02/07/2014 13:46 BST | Updated 01/09/2014 10:59 BST

During our day to day lives we are surrounded by businesses and their brands, but what most people don't know is that there is an estimated 100,000 zombie brands operating around the world, according to the Adam Smith Institute.

So what is a zombie brand? Simply they are brands which have become irrelevant and have no real meaning to us. They are on life-support, their sales are probably flat lining and they aren't generating the profitability required to grow. They're dying and staff at all levels often bear the brunt of this.

In the past few weeks the press has been full of news regarding failing companies and brands, with Mothercare and Premier Foods recently in the firing line. Mothercare announced plans to cut 500 jobs after unveiling an annual profit warning, a plummeting share price, and the exit of CEO Simon Calver, and a number of Premier Foods' brands are suffering due to ongoing grocery pricing wars. The retail tectonic plates truly have shifted and the short-termism that the City demands is compounding the issue and driving short-term thinking.

So how do brands become zombies? The reason is simple; they have no brand heart to make them stand out and have lost their reason to exist.

In a world of increasingly demanding and savvy consumers it has never been more important for brands to stand for something genuinely meaningful. They have to understand why they exist in this new world we all live in and make this the very core of everything they do, rather than simply understanding what it is they do. We all know Mothercare make baby clothes but does anyone actually know what they stand for anymore? This may seem a small change in approach but it is pivotal to long-term success.

At 1HQ we were tasked with bringing Phileas Fogg crisps back to life. Consumers know them as a snack but we had to generate a sentimentality toward the brand to build loyalty and ultimately to guarantee their longevity. We established their why as being 'To bring exciting flavours from around the world into your living room.' The result, growth targets were met in the first six months, with a 361 per cent increase in sales.

So what can brands that have 'zombieitus' do to halt their half-dead march towards extinction? They must reinvigorate themselves by reinforcing their fundamental purpose, coming to terms with what their purpose in our lives, actually is.

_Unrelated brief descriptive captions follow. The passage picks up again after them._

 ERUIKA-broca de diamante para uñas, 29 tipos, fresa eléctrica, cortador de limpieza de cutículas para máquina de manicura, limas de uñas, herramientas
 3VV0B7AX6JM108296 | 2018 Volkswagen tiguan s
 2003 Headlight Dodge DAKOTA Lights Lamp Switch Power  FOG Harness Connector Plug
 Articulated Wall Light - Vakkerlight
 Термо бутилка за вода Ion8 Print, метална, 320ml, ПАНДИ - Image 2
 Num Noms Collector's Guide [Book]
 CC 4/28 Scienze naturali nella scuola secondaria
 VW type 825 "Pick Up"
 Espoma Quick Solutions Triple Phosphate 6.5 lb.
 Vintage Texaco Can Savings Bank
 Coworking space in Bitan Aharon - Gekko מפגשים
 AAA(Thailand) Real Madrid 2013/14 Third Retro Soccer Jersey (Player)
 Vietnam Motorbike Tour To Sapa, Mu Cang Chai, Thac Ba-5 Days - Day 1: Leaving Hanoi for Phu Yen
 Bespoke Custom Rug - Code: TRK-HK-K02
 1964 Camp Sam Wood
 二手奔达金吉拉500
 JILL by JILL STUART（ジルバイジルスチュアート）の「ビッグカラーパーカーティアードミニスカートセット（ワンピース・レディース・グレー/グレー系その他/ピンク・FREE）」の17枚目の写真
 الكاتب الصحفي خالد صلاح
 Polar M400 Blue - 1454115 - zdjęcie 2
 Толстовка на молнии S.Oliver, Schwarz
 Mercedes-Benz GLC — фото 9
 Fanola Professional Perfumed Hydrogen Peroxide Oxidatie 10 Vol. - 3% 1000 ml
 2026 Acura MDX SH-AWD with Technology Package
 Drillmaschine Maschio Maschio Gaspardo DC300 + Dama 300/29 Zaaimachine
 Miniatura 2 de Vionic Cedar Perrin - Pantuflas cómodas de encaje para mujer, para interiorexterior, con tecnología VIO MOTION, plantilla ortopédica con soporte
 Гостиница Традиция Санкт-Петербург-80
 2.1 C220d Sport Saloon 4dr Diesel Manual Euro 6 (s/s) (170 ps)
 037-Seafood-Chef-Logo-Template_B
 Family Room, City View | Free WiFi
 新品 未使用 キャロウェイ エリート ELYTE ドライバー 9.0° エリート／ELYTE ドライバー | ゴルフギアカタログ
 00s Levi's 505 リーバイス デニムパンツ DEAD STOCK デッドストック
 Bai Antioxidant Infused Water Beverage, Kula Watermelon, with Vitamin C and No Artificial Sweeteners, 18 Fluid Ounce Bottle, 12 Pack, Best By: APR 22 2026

Mothercare is probably 'the' one brand that can find that purpose which will connect emotionally with us long-term, starting a relationship with us at a time when we need all the advice in the world, not just a new outfit for baby George.

Should they find their brand heart, their reason to exist (and I hope that they do), I would urge them to think long term, maximise the new digital channels of communication to become an absorptive part of our lives, think about their role and purpose and not chase the YOY sales figure death knell that is a zombie's staple diet.